We decided to reach out to the contributing artists to discover more about their work and the personal stories behind their creative process.
David Woodward Interview
SomoS, October 2015
Interview by Jordan Davidson
-What aspects influence your art and art process? What aspects of collage do you enjoy the most?
The question of influence is hard to answer because often it’s something very subtle or unconscious, and not a deliberate choice. That said, I see myself influenced and inspired by the work of other artists and musicians that I admire, by books and news stories that I read, by the minutiae of daily life and by my own personal narrative.
The aspect of collage I enjoy the most is the process – finding an unusual book or magazine that becomes subject matter for a collage, and then fitting different cutouts together until they achieve a cohesion that feels like the end to a jigsaw puzzle.
– What is your approach to creating and realizing your collage works? For instance, do you begin with a general theme(s) or concept, or is it a case of experimentation?
Initially with collage, I would approach things in a very figurate and narrative way.
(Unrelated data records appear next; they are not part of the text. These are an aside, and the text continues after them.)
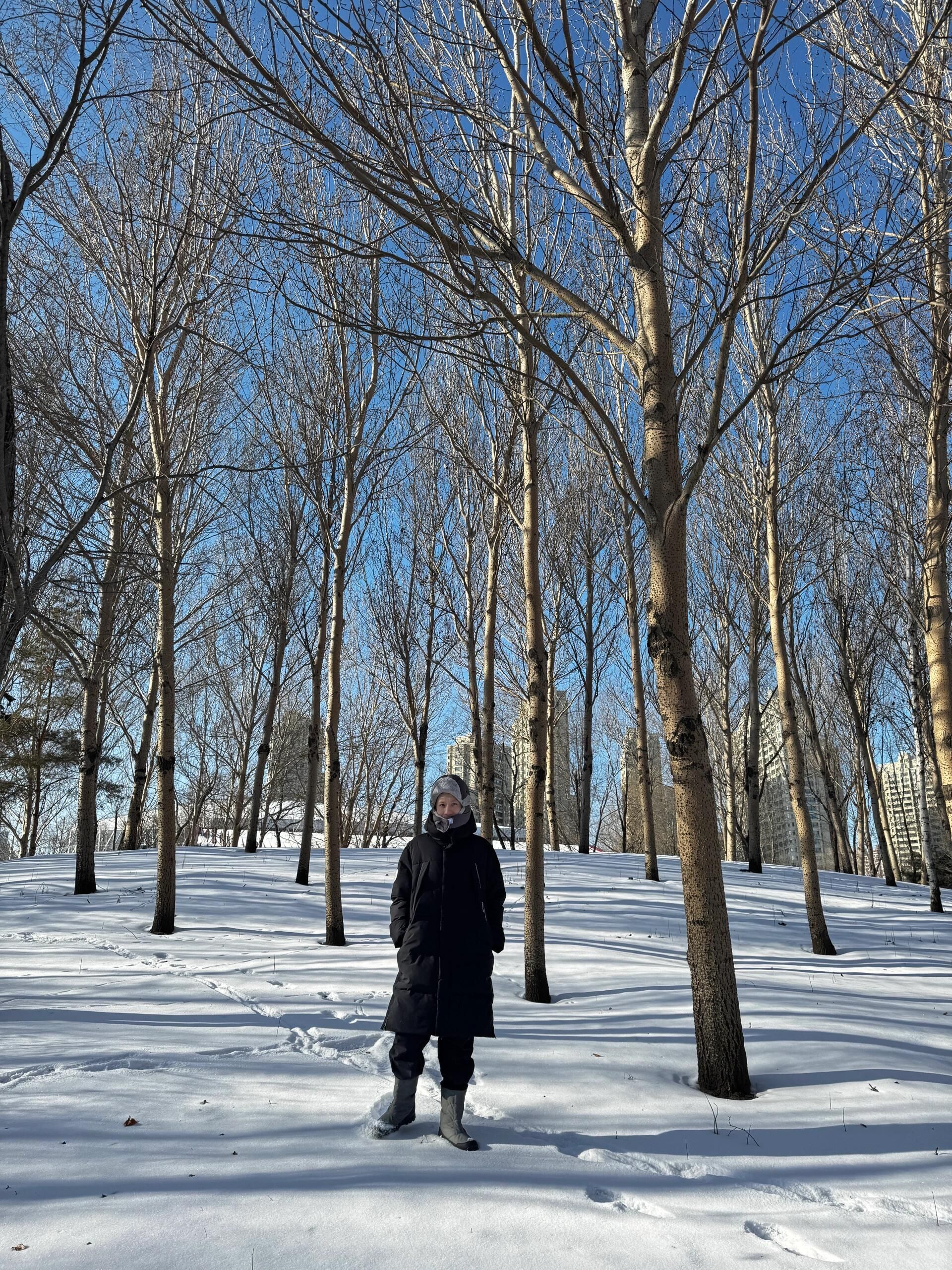 丁香公园旅行图片 3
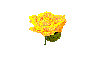 yrose.gif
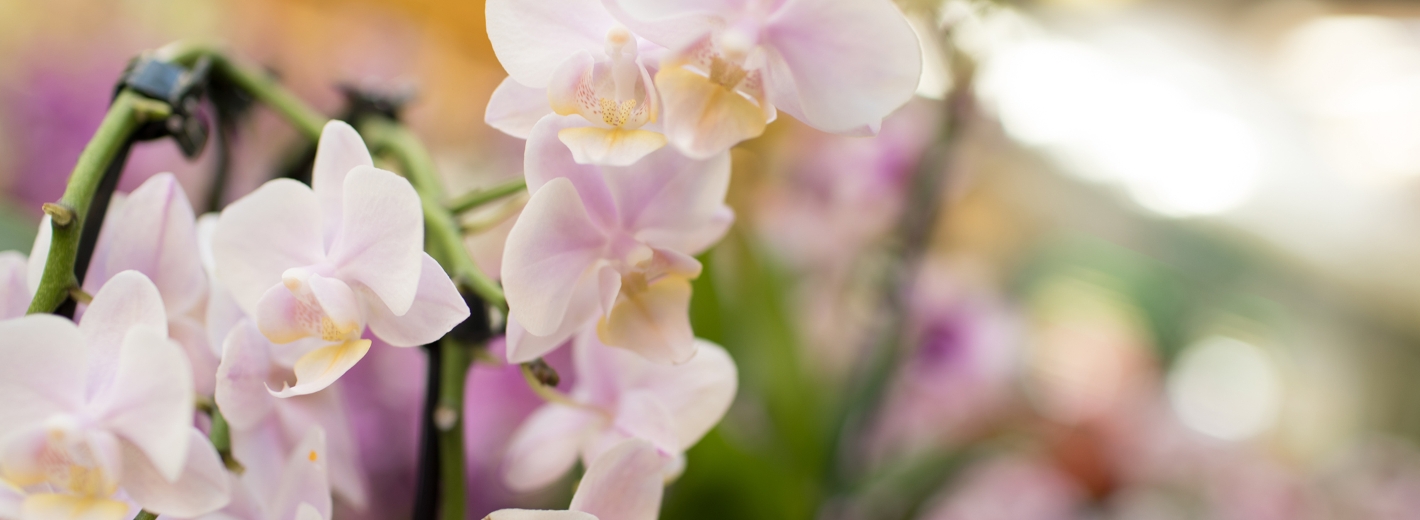 Hellrosa Orchidee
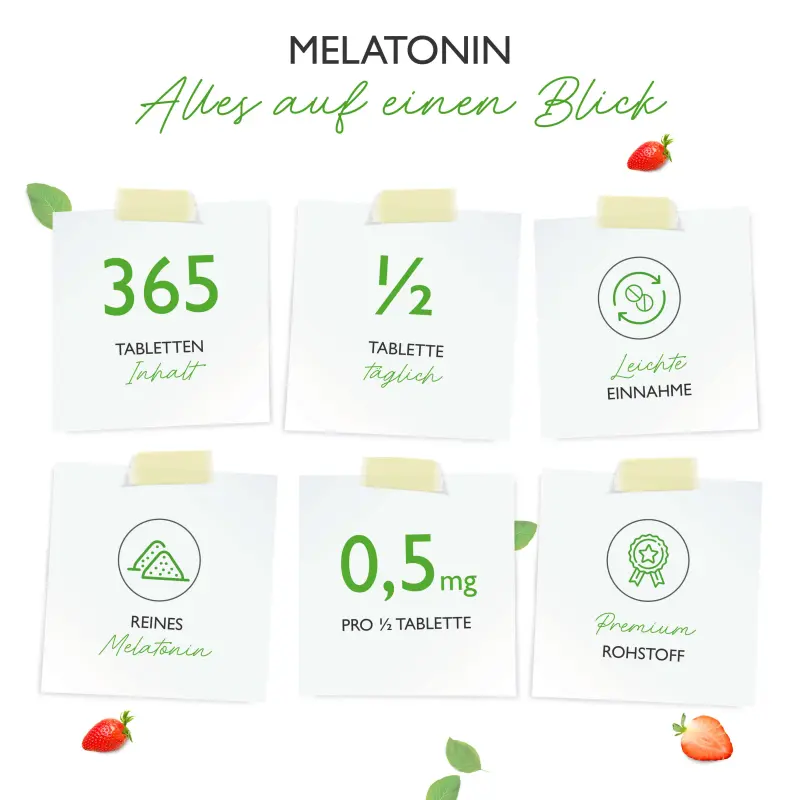 Melatonin (365 Tabletten 1mg)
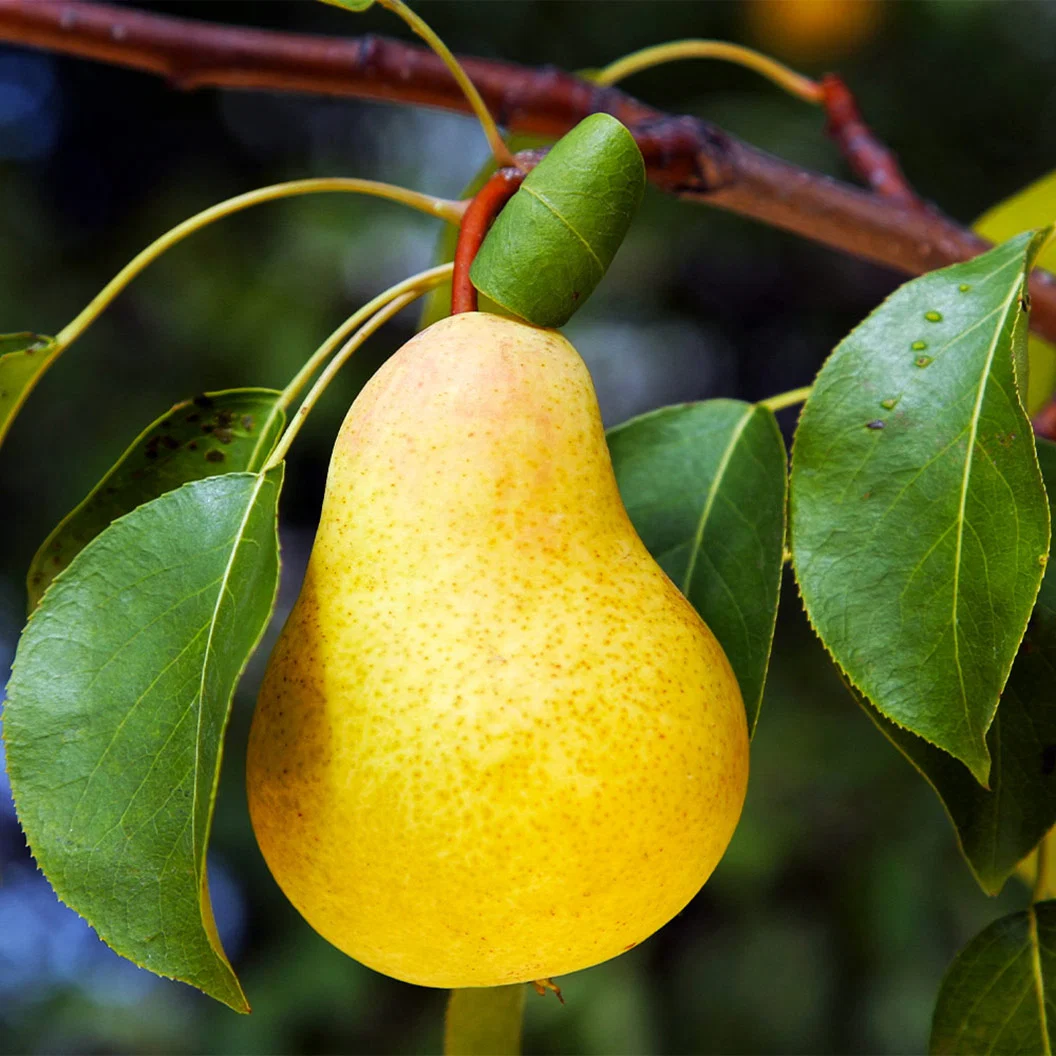 Kieffer Pear Tree 2 Kieffer Pear Tree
Each piece of anatomy, foliage, or animal would maintain it’s original form in the new composition; I was more interested in playing with context and hierarchy than in reworking things formally. Combined with their titles, each work hints at some kind of other-worldly saga, but the themes I was reflecting on and addressing were of a very personal and human nature. The recent collages in this exhibition, which were all made this year, are less figurative, less literal. With these I’m more focused on the associations of form and image. Source materials are often completely reworked into new forms that only allude to their original representations.
– What initially inspired you to work with collage? Has it influenced other art practices which you had or currently pursue?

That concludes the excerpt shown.